[NCLUG] Annoying post-meeting SQL curiosities

Mon Dec 15 23:19:08 MST 2008

Michael Milligan writes:

> >     UPDATE test SET a = a + 1;
> > 
> > This should leave us with two rows, with values 2 and 3, right?
> 
> Yes, unless you have table constraints, triggers, or rules that
> dictate otherwise...  this is a somewhat ambiguous and contrived
> situation.

Yes, I left out the big disclaimer.  The SQL statements I shared were
sort of the "generate a clear test case demonstrating the problem"
sort of thing as opposed to "show me the actual project you're working
on."  Incidentally, I don't really care about the index itself as much
as the unique constraint on the column.  Every reference I can find
seems to say that every implementation on the planet just creates a
unique index when a unique column constraint is asked for.  (Which is
a perfectly reasonable thing for an implementation to do.)

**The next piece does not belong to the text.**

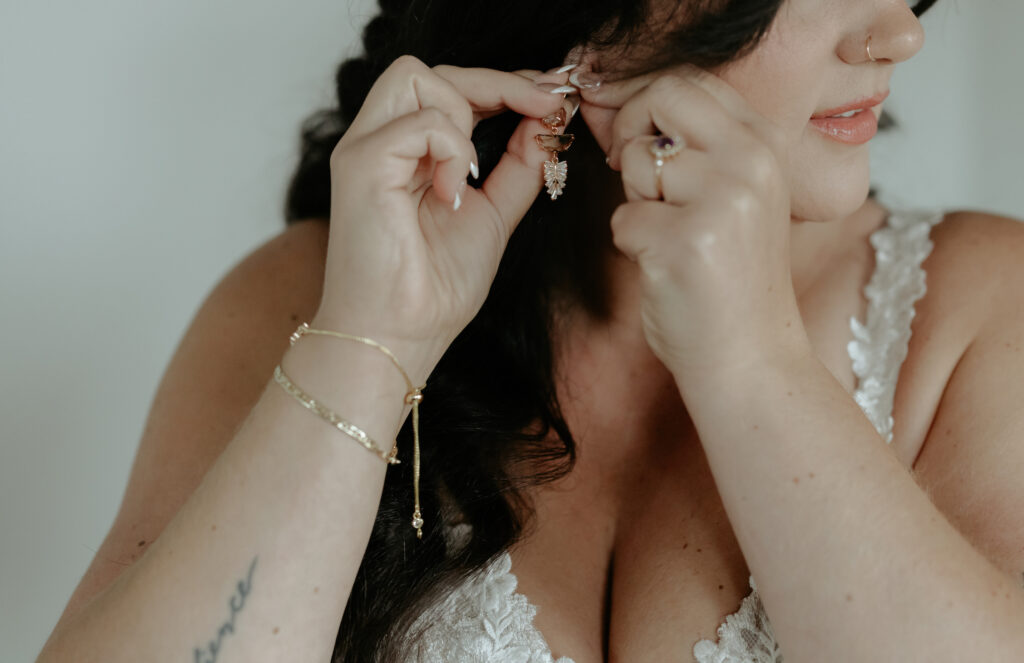 Woman touching her earlobes while putting in earrings.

> > not so fast.  Some databases do work that way, and others report that
> > the unique index constraint is being violated.
> 
> I would expect that behavior for an ACID-compliant database (such as
> PostgreSQL) given your example.  It updates the index after each row
> is updated as a result of your UPDATE statement within the
> transaction, but because of your insert order (you put in 1 before
> 2), the 1 row will be incremented before the 2 row (e.g., PostgreSQL
> does sequential table scans based on insert, or OID, order) and thus
> you are violating the index constraint on the table.
>
> The fix?  Drop the index before you do this operation.  Or don't use
> an index at all.  The index is not useful for this transaction
> anyway since you are altering every row in the table but uniqueness
> is provably maintained.  The update operation is also a lot faster
> without the index in the way.
>
> I.e., the correct handling of this is:
> 
> BEGIN;
> DROP INDEX test_a_idx;
> UPDATE test SET a = a + 1;
> CREATE UNIQUE INDEX test_a_idx ON test (a);
> COMMIT;

I've got to say I find that just leaves a bad taste in my mouth.  Any
operations that could make use of the index are reduced to full table
scans.  Re-creating the index incurs a second full table scan.  And,
worse, the uniqueness constraint on the data in column a is removed
for the course of the transaction.

Since you bring up PostgreSQL specifically, the development team seems
to regard the current behaviour as a bug.  There's a discussion on
exactly this and what an impact it would have on the code starting
here:
http://archives.postgresql.org/pgsql-hackers/2006-09/msg01202.php

The nicest workaround I've found so far goes like this.  We'll just
assume that my table does actually have more than just the "A" column
in it and I'm ignoring those for now.  And I want to make some space
between rows where A is 1 and A is 2.

    CREATE TABLE test (a INTEGER UNIQUE, irrelevantdata VARCHAR(100));
    -- This index is more-or-less implicit in the UNIQUE column
    -- constraint above.  Making it explicit.
    CREATE UNIQUE INDEX test_a_idx ON test (a);
    -- stuff some sample rows into the table
    BEGIN;
    INSERT INTO test (a, irrelevatdata) VALUES
        (1, 'foo');
    INSERT INTO test (a, irrelevatdata) VALUES
        (2, 'bar');
    INSERT INTO test (a, irrelevatdata) VALUES
        (3, 'baz');
    COMMIT;
    -- stick a new value in here between the after row (1,'foo')
    -- increasing A in all rows that follow
    BEGIN;
    UPDATE test SET a = 0 - a - 1 WHERE a >= 2;
    INSERT INTO test (a, irrelevantdata) VALUES
        (2, 'xyzzy');
    UPDATE test SET a = -a WHERE a < 0;
    COMMIT;

I found this to be quite clever.  It maintains the column constraint,
doesn't depend on any vaguely specified implementation-specific
behaviour, doesn't do a full table scan for every single query, and it
is reasonably clear about what is happening.  (Credit where it is due:
http://web.archive.org/web/20070818213714/http://people.planetpostgresql.org/greg/index.php?/archives/46-Updating-unique-columns.html)

- Aaron